Ukraine's settled history begins in the 7th century BC when the Greeks established a couple settlements along the Black Sea coast. Over a thousand years later the Slavs were forming a more and more distinct ethnicity and in 879 AD the Rus unified in Kyiv and over the next couple hundred years continued to grow until 989, when they adopted Eastern Orthodox Christianity.
After the death of their ruler, Yaroslav, in 1054, the empire fell into small individual states so when the Mongols arrived in 1240, they easily took the entire region. Their rule continued until the 1400s when the Golden Horde (the Mongols) collapsed.
During much of this same period, the Carpathian Mountains of present-day Ukraine fell under Polish and western Slavic rule. Being in the mountains, some of these regions even withstood Mongol takeover. This rule by Poland created better communication with the west and a fairly distinct culture from that in the east and south of modern-day Ukraine.

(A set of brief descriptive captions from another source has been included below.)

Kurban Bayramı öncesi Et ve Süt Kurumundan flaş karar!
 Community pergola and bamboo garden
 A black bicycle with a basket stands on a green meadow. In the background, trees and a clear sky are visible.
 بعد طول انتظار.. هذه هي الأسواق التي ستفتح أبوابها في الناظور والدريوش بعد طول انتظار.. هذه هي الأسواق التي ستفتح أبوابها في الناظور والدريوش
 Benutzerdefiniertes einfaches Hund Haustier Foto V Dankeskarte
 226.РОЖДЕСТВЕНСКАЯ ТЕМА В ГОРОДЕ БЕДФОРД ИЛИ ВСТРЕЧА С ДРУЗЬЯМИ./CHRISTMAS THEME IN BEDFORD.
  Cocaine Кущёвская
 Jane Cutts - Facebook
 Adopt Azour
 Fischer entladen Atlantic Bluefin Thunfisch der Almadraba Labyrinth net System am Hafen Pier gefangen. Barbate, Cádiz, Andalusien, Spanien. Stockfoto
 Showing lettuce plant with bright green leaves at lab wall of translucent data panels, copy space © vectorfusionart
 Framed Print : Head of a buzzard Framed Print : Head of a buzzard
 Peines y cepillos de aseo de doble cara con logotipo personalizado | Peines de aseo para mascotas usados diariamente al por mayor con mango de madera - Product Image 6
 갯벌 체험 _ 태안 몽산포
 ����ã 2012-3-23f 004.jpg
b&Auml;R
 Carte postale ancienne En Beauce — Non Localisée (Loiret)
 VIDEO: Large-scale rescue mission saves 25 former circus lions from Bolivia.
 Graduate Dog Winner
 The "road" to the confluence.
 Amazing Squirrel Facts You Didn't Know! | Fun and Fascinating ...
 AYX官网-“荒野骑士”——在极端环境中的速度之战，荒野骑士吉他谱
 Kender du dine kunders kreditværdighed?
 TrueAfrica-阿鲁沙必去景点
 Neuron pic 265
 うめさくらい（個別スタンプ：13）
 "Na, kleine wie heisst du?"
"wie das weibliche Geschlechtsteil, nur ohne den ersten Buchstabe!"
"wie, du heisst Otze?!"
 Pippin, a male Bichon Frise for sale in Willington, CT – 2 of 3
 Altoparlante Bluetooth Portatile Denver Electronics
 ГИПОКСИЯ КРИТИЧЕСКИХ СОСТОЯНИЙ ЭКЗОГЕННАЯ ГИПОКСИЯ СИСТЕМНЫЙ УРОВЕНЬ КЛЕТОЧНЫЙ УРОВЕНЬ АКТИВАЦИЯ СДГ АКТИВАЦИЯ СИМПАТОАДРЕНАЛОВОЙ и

In the mid-1400s, the Golden Horde was collapsing and each individual region began to rule itself, some by Slavs, some by the Mongol descendants, the Tatars, and some by the Cossacks, who typically consisted of a mix of ethnicities from the surrounding areas. Over time the Cossacks formed a more distinctly defined identity, which differentiated them from the Turks and Poles through religion and from the western Ukrainians by lifestyle. In 1654 the Cossacks tried to free themselves from Polish rule, but their protests only resulted in placing themselves under Russian rule, which was a group that developed from the original Kyivian Rus, but moved more northward under Mongol rule.